Civil reconstruction is not on schedule, Clinton said in London May 29, during his first official visit with newly elected British Prime Minister Tony Blair. "A lot of the elements of the Dayton peace process are not going as fast as they should," he said. The two leaders discussed progress in the Balkan country during their meeting.

Training and placing local police is one example where progress is lacking, Clinton said. Stabilization forces are escorting and protecting returning refugees. "A lot of that could be done by civilian police if we were on schedule," he said.

Queried by British reporters on whether U.S. troops will leave as scheduled, Clinton replied: "I don't think we ought to be talking about how we're going to leave; I think we ought to be talking about what we're going to do tomorrow and next week and next month."

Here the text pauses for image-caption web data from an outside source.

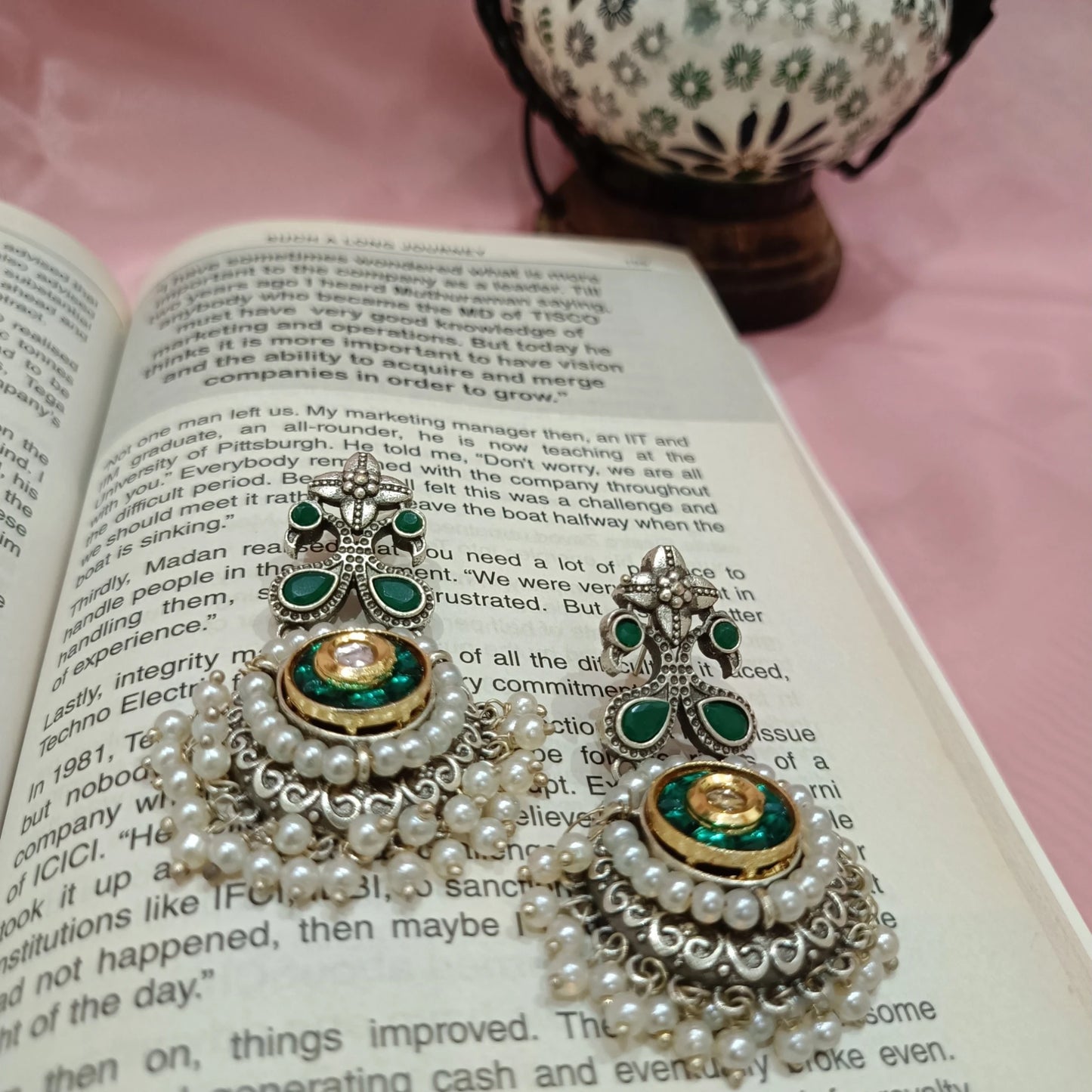 Meher pearl emerald dangler oxidized festive earrings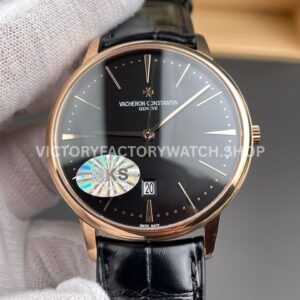 MKS Factory Vacheron Constantin Patrimony 85180000R-9166 40mm Rose Gold Leather Strap Black Dial (1) MKS Factory Vacheron Constantin Patrimony 85180 000R 9166 40mm rose gold leather strap black dial replica watch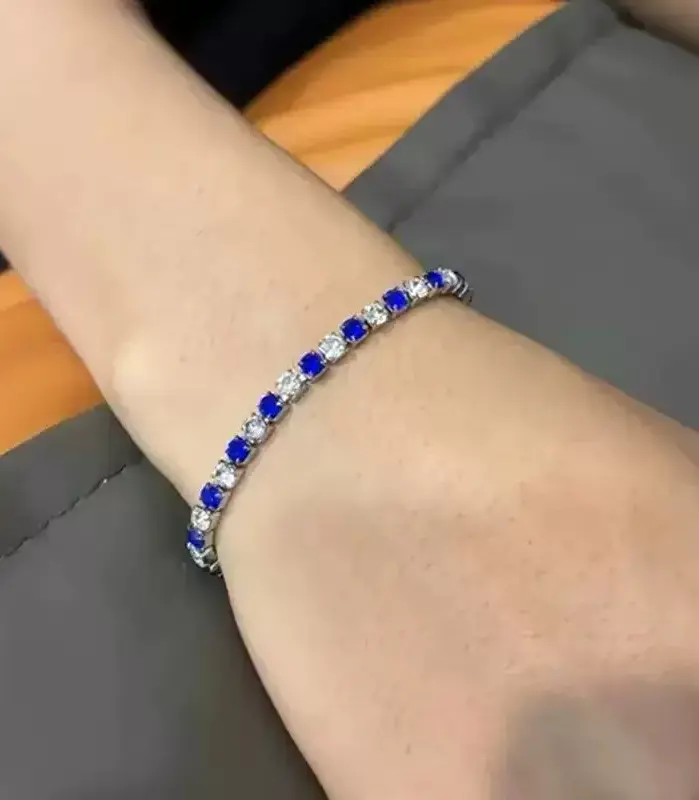 Pulsera de circonita de 4 mm, 16-23 cm, de lujo ligero, de moda, de platino PT950, para hombre y mujer, elegante con un hermoso significado. 2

Much work is needed over the next 13 months to allow the Dayton peace accords to move forward, Clinton said. "If we work like crazy the next 13 months, do I believe we can fulfill our mission and they can go forward? Yes, I do. But I think we're going to have to make some very tough decisions."

Clinton said U.S. and European leaders have reviewed the situation and now are putting a team together to get reconstruction moving. In the meantime, stabilization forces continue their mission of providing a secure, stable environment so reconstruction can proceed.

Defense Secretary William S. Cohen, reinforced Clinton's commitment to the June 1998 deadline. "The military has done its job," Cohen said to reporters at Offutt Air Force Base, Neb., May 29. Peace has been sustained and warfare ended between the Bosnian groups, he said.

As a result of the NATO forces' commitment and sacrifice, Cohen said, the people of that region have had "three successive springs of no slaughter, no ethnic conflict, houses not being bombed, Sniper's Alley being quiet and children not being targeted."

But the other half of the equation hasn't measured up, Cohen said. "We haven't seen the flow of capital going into the region ... . We have not seen the formation of an international police force that can help in carrying out the mission of resettling the refugees and help to monitor the elections coming up in September."

NATO said the stabilization force mission will end in June 1998, Cohen said, adding there is strong support in Congress for withdrawing at that time. "I think Congress will insist that we try to focus our energies in the next year upon completing the Dayton accord so we can leave when the mission ends and know we've been successful," he said.

By the end of next year, Cohen said, the United States will have spent more than $6 billion on operations in Bosnia. "I believe those kind of resources have to be devoted to other matters, particularly our modernization program," he said.